Task item>
Look through the records below for the line with "Phòng trọ Studio". Return that line and each one after it up to and including the line with "platform steel grating", exactly.
BEGIN Records for processing
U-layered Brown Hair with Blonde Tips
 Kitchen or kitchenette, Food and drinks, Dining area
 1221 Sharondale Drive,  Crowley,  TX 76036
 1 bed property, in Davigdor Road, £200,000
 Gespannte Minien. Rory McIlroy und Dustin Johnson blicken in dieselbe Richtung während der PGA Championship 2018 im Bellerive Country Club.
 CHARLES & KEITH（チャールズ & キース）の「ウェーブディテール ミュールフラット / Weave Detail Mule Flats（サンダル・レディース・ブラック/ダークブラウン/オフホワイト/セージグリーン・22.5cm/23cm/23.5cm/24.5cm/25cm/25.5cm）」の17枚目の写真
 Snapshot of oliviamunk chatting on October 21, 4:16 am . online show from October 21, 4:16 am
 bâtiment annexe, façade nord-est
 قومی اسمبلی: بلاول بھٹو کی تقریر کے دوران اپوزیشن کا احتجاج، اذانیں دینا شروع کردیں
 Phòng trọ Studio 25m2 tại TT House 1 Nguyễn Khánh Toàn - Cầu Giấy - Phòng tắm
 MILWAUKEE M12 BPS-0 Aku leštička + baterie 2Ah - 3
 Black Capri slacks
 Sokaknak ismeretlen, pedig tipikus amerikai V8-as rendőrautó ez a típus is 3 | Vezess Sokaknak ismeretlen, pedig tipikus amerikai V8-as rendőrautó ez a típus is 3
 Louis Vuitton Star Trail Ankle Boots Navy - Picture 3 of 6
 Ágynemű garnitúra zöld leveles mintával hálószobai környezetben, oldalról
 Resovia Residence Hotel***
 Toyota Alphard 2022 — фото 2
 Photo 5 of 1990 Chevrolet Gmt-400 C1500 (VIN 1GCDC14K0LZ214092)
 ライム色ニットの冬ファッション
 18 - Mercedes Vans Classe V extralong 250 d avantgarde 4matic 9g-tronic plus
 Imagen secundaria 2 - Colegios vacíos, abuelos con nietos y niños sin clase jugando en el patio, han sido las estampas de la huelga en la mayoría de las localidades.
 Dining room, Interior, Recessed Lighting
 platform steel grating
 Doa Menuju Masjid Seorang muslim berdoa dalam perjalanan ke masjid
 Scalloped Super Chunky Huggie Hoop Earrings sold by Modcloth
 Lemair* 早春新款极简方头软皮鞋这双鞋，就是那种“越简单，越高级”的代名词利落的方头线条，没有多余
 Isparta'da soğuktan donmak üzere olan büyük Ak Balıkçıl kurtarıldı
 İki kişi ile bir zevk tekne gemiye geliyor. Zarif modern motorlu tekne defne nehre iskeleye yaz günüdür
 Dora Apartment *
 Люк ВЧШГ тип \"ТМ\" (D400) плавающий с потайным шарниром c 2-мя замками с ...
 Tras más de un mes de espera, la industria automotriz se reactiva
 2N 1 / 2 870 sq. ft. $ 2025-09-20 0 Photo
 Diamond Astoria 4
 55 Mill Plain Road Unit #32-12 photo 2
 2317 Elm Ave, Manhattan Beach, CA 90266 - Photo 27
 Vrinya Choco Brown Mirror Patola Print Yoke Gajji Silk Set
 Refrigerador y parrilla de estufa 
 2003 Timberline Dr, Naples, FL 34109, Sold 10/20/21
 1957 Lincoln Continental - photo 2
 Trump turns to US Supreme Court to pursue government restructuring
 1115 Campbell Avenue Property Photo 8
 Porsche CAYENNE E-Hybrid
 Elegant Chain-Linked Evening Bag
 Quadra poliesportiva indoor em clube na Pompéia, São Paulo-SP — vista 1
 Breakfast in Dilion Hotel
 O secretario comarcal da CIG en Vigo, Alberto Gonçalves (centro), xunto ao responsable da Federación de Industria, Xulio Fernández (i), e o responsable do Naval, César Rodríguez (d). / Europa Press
END Records for processing
Task output>
 Phòng trọ Studio 25m2 tại TT House 1 Nguyễn Khánh Toàn - Cầu Giấy - Phòng tắm
 MILWAUKEE M12 BPS-0 Aku leštička + baterie 2Ah - 3
 Black Capri slacks
 Sokaknak ismeretlen, pedig tipikus amerikai V8-as rendőrautó ez a típus is 3 | Vezess Sokaknak ismeretlen, pedig tipikus amerikai V8-as rendőrautó ez a típus is 3
 Louis Vuitton Star Trail Ankle Boots Navy - Picture 3 of 6
 Ágynemű garnitúra zöld leveles mintával hálószobai környezetben, oldalról
 Resovia Residence Hotel***
 Toyota Alphard 2022 — фото 2
 Photo 5 of 1990 Chevrolet Gmt-400 C1500 (VIN 1GCDC14K0LZ214092)
 ライム色ニットの冬ファッション
 18 - Mercedes Vans Classe V extralong 250 d avantgarde 4matic 9g-tronic plus
 Imagen secundaria 2 - Colegios vacíos, abuelos con nietos y niños sin clase jugando en el patio, han sido las estampas de la huelga en la mayoría de las localidades.
 Dining room, Interior, Recessed Lighting
 platform steel grating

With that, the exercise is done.